Fraser Health recently announced the implementation of an Assertive Community Treatment (ACT) team for New Westminster and Tri-Cities residents living with serious and persistent mental illness.
The team will be mobile, with 75 per cent of their services delivered in settings such as residences, shelters, drop-in centres and even public parks.
The team includes a coordinator, psychiatrist and 10 mental health staff: social workers, nurses, mental health-care workers, occupational therapists and peer support workers.
Services include comprehensive assessment, treatment, rehabilitation and support activities.
The program offers flexible, community-based support for adults who have not connected with, or responded well to, traditional outpatient mental health-care and rehabilitation services.
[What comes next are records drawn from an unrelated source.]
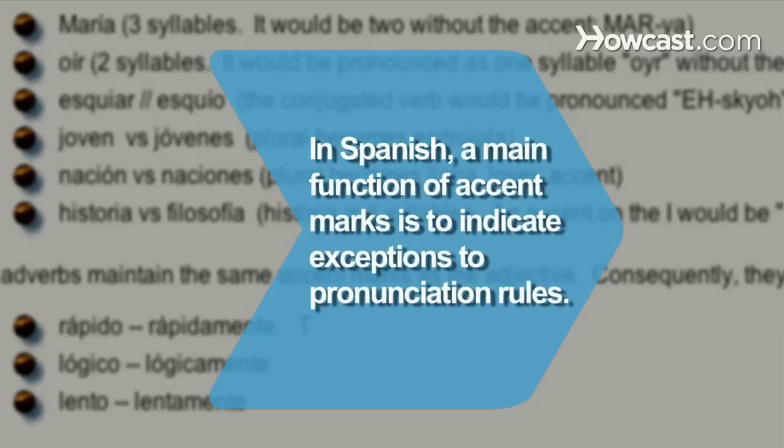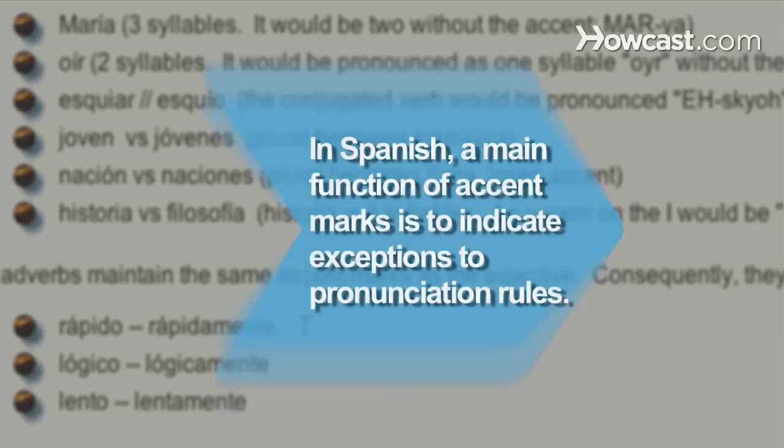Did you know? In Spanish, a main function of accent marks is to indicate exceptions to pronunciation rules.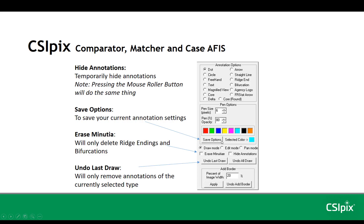The save options button will save all the pen options that you have for each of the different annotations at that time. The erase minutiae option will only delete ridge endings and bifurcations.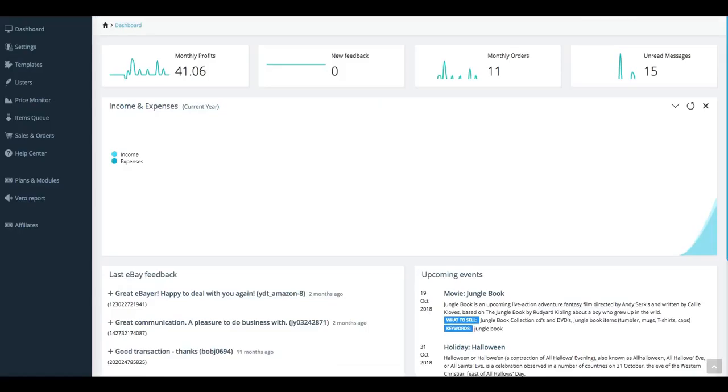Again as always I want to thank you for taking the time to come and watch and listen to the sales and orders tutorial. Make sure you keep a watch out for the next tutorial on the Vero report tab. Hope to see you there!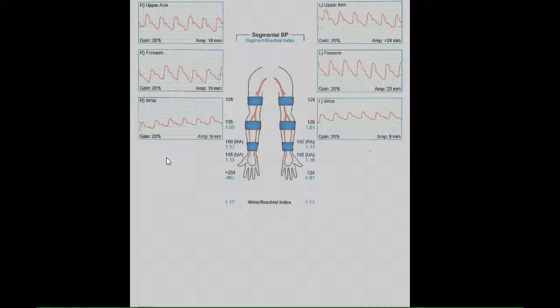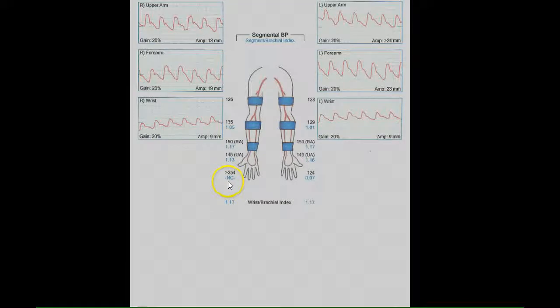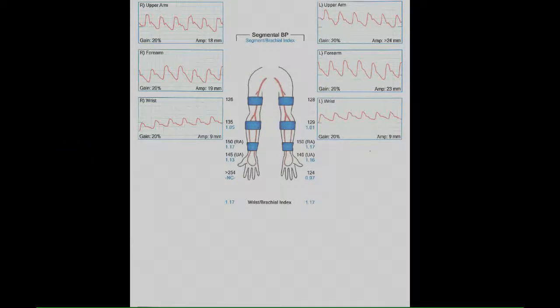Of note, the right digit pressure is not obtained as the vessels were not compressible. Aside from this, upper extremity flow is normal at rest.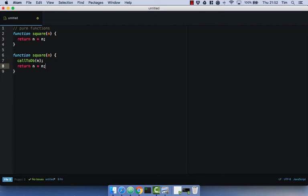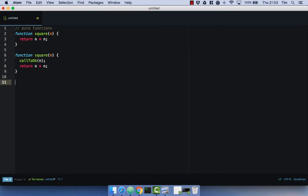Another important thing about pure functions is they don't change the values that get passed in — they create new values. So they don't mutate their values. You might have heard mutation mentioned a few times in React and Redux, and you might have heard of immutability. This is kind of where pure functions come in — they don't change the value you pass into the function, they simply return a new value.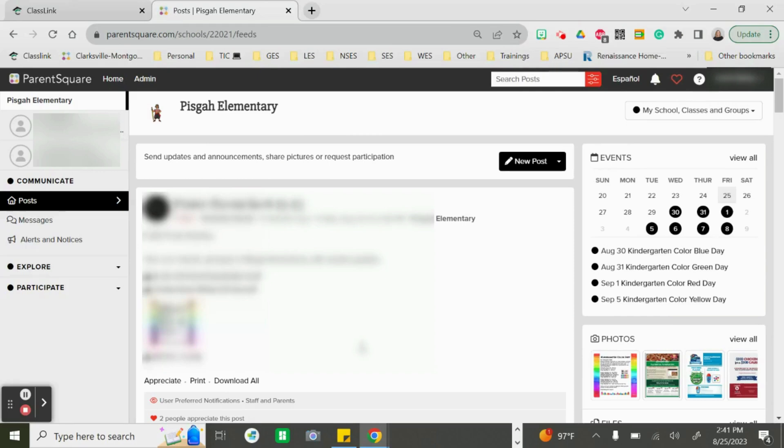Welcome to ParentSquare. Today we are going to look at how you can use appointment signups for your parent-teacher conferences.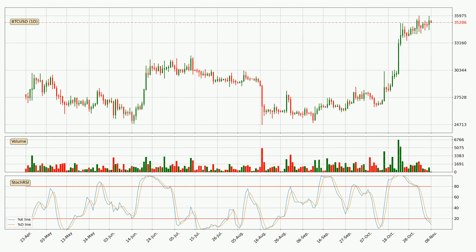In general, the larger time frames have a greater impact on the price, so please remember that when we display different time frames with different indicators. The shorter time frames are only representative for short-term trading.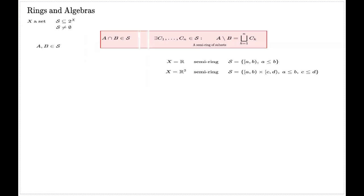You can develop these examples to higher dimensions. For three-dimensional space it will be half-open parallelepipeds, and for dimension four and higher it will be structures of the same sort — all of them will be a kind of semi-ring.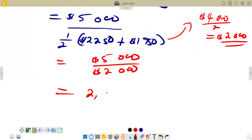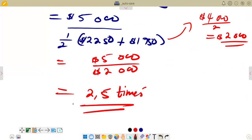So we get 2.5 times. Remember, the rate of inventory turnover is expressed in times. This is what we have for the last question on question 3A from the June 2024 question paper. Thank you for listening. Please subscribe and share. Thank you.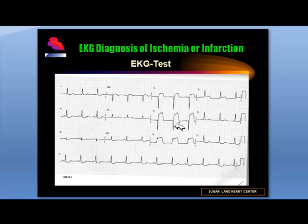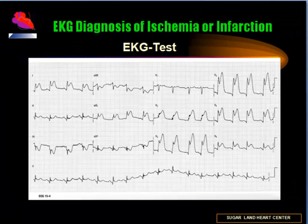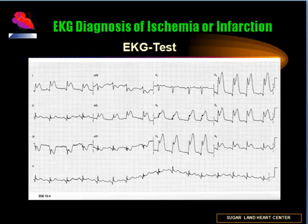Incidentally, you can also see some minor ST depression in the inferior leads, which are reciprocal changes seen with anterior myocardial infarction. Now here is another electrocardiogram — what is your diagnosis?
The ACT model is internationally-recognized for its demonstrated effectiveness for clients in the greatest need, according to a press release from Fraser Health.
Since February 2012, Fraser Health has had an ACT team in operation in Surrey, which has seen "tremendous outcomes," according to the health organization.
When fully functional, the team in New Westminster and the Tri-Cities will be able to support about 80 to 100 patients.
REDUCE SALT
The bad news: North Americans eat too much salt. The good news: if we lower our sodium intake closer to the recommended daily levels, hundreds of thousands of us could be saved from heart disease in the next 10 years.
This is according to a new study by researchers at SFU and four U.S. universities, who recently published their results in the American Heart Association journal Hypertension.
Researchers used data from cardiovascular patients, as well as established evidence that salt reduction lowers blood pressure, to gain more information about the relationship between blood pressure and cardiovascular disease.
The four teams all came to the same conclusion: substantial benefits are gleaned from reducing sodium levels to those closer to the recommended guideline of 2,300 mg per day, according to SFU health sciences professor Michel Joffres, one of the lead authors of the study.